In this notebook, we’ll demonstrate how to calculate descriptor (variable) sets 1-4:

  1. Canonical (UniProt) sequence variables.

  2. Structure (PDB) sequence variables.

  3. Structure variables (angles, distances, etc.)

  4. Ligand variables.

and custom variables for domain sequences and structures.

[1]:
import logging
import warnings
from random import sample
from pathlib import Path

from kinactive import DefaultFeatures, DB, DBConfig

Setup

[2]:
logging.basicConfig(level=logging.INFO)
[3]:
N_PROC = 15

BASE = Path('../data/variable_sets-test')
BASE.mkdir(exist_ok=True)

DB_PATH = Path('../data/lXt-PK-test/')

Load the database

[4]:
db = DB(DBConfig(io_cpus=N_PROC))
chains = db.load(DB_PATH, domains=True)
INFO:kinactive.db:Got 3 initial paths to read
INFO:kinactive.db:Parsed 3 `Chain`s
[5]:
chains, len(chains.structures.drop_duplicates())
[5]:
([Chain(PK_1|28-316)<-(Chain(tr|O96214|O96214_PLAFA|1-320)), Chain(PK_1|119-403)<-(Chain(sp|P49840|GSK3A_HUMAN|1-483)), Chain(PK_1|44-298)<-(Chain(sp|P00517|KAPCA_BOVIN|1-351))],
 104)

Calculate default variables

[6]:
vs = DefaultFeatures()
?vs.calculate_all_vs
Signature:
vs.calculate_all_vs(
    chains: collections.abc.Sequence[lXtractor.chain.chain.Chain],
    map_name: str = 'PK',
    num_proc: int = 1,
    verbose: bool = True,
    base: pathlib.Path | None = None,
    overwrite: bool = False,
) -> kinactive.features.Results
Docstring:
Calculate default variables. These include four sets::

    #. A default set of sequence variables for canonical sequences.
    #. A default set of sequence variables for structure sequences.
    #. A default set of structure variables.
    #. A default set of ligand variables.
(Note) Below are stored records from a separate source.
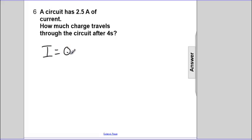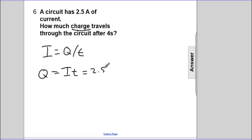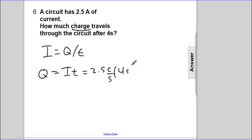Now, let's be consistent. I is Q over T. We're going to solve for how much charge. So Q is I times T. The current is 2.5 amps, but I'll write that as 2.5 coulombs per second — that's the definition of the amp — times 4 seconds.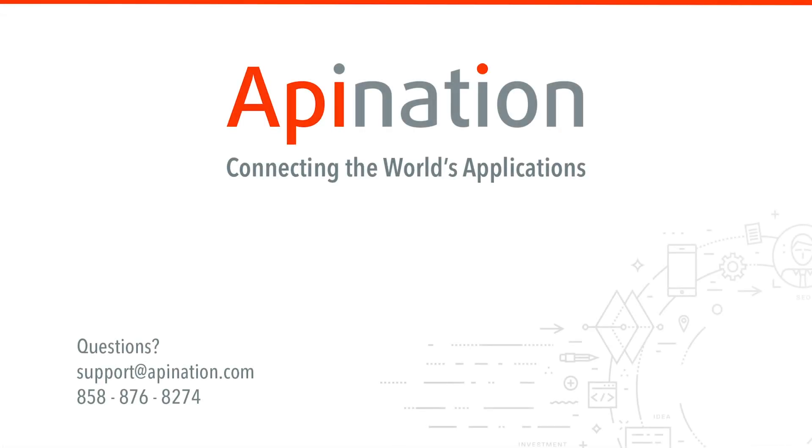So thank you guys. And remember, if you ever need any help, please reach out to us at support at api nation.com. We love doing this stuff. We're always here to help.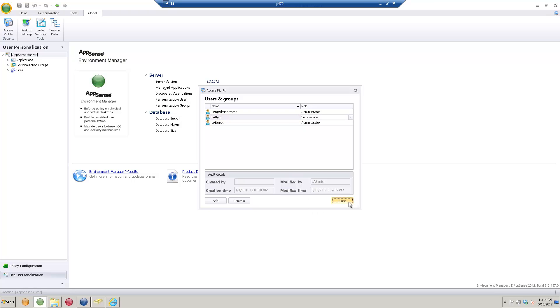We click Close, and this user we just defined will now have the ability to go to that URL and start using their self-service capabilities. Hope you found this video tutorial helpful and please return to watch more. Thank you and have a great day.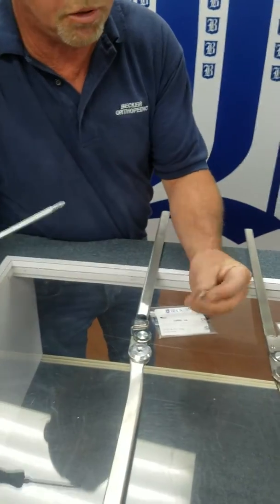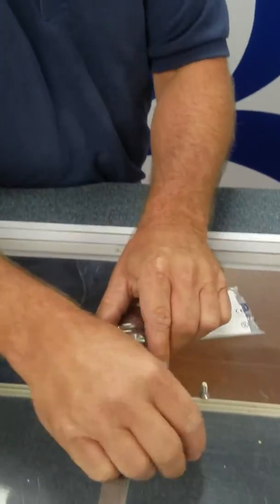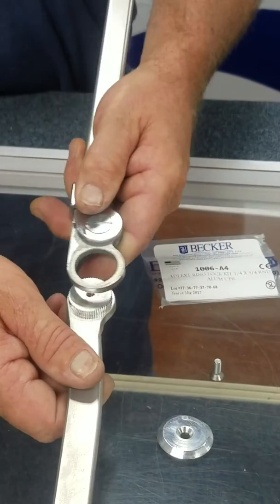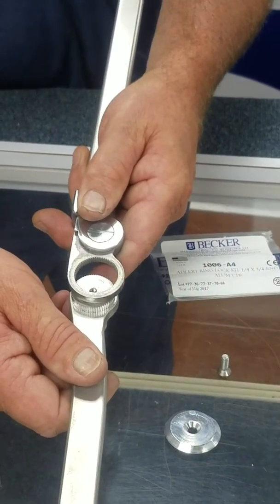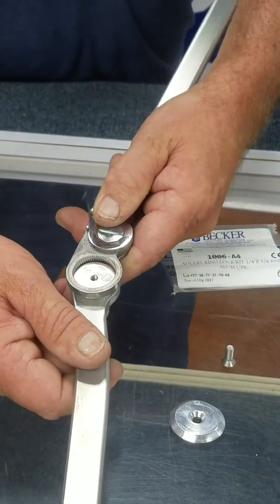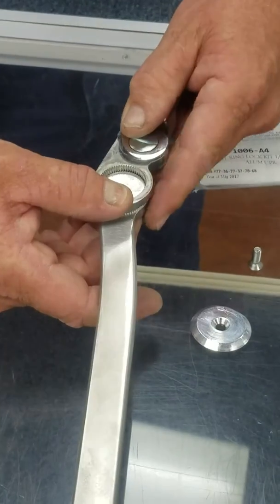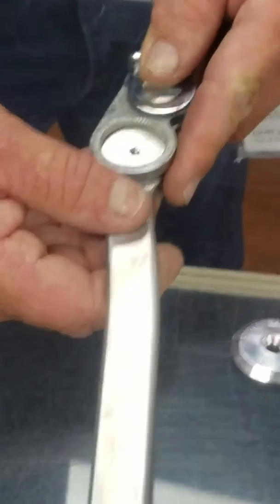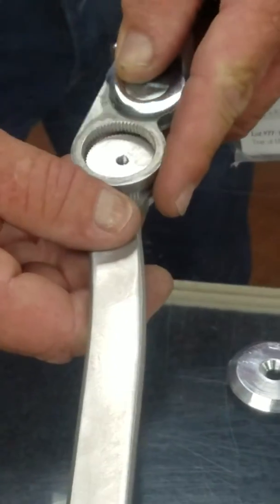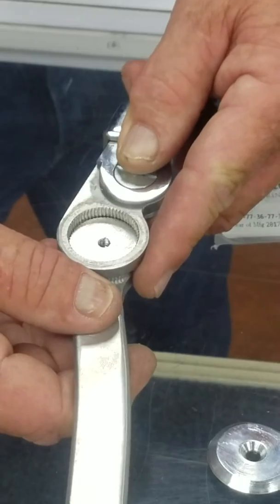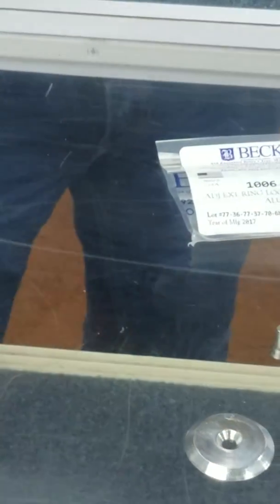It has an aluminum plate with a 1032 screw, and you can see there are many different increments that you can set the knee joint in, whether it be flexion. So we'll set it in flexion to show it.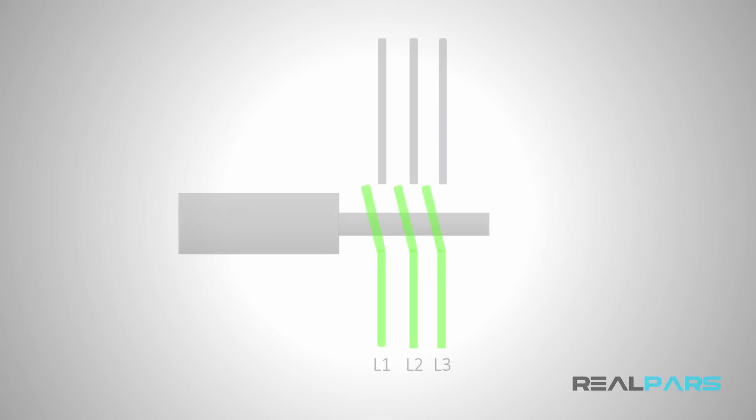For that purpose, you can simply use a contactor. In the next lesson, you'll learn how to change the connection of the motor windings automatically using contactors.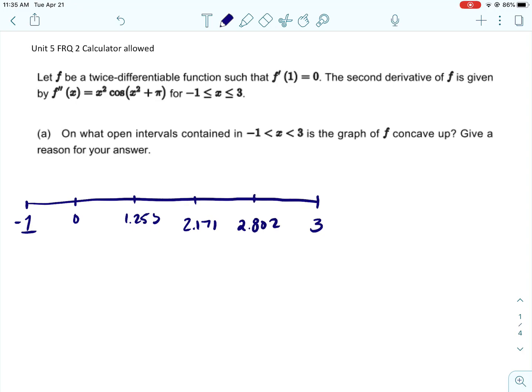The second derivative equals 0 when x is 0, 1.253, 2.171, and 2.802.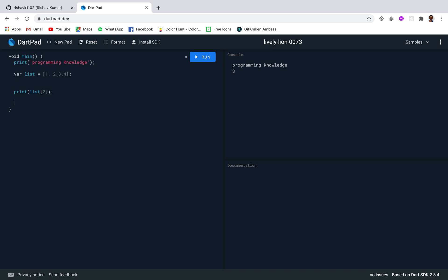First we are going to discuss about Future. A Future represents the result of an asynchronous operation and can have 2 states only: either uncompleted state or completed state. When we call an asynchronous function, it returns an uncompleted future. The future then waits for the function's asynchronous operation to finish or throw an error, and as soon as it finishes or throws an error, the future state changes from uncompleted to completed.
:param chains: A sequence of chains.
:param map_name: A reference name.
:param num_proc: The number of CPUs to use.
:param verbose: Display progress bar.
:param base: Base path to save the results to. If not provided, the
    results are returned but not saved.
:param overwrite: Overwrite existing files. If False, will skip the
    calculation of existing variables.
:return: A named tuple with calculated variables' tables.
File:      ~/Projects/kinactive/kinactive/features.py
Type:      method
[7]:
vs_res = vs.calculate_all_vs(
    chains, num_proc=N_PROC, base=BASE, overwrite=True
)
INFO:kinactive.features:Calculating sequence variables on canonical seqs
INFO:kinactive.features:Resulting shape: (3, 799)
INFO:kinactive.features:Saved defaults_can_seq_vs.csv to ../data/variable_sets-test
INFO:kinactive.features:Calculating sequence variables on structure seqs
INFO:kinactive.features:Resulting shape: (104, 799)
INFO:kinactive.features:Saved defaults_str_seq_vs.csv to ../data/variable_sets-test
INFO:kinactive.features:Calculating ligand variables
INFO:kinactive.features:Resulting shape: (104, 793)
INFO:kinactive.features:Saved default_lig_vs.csv to ../data/variable_sets-test
INFO:kinactive.features:Calculating structure variables
INFO:kinactive.features:Resulting shape: (104, 1693)
INFO:kinactive.features:Saved default_str_vs.csv to ../data/variable_sets-test
INFO:kinactive.features:Finished calculations

Calculating all four sets on all domains takes ~40min on 20 cores.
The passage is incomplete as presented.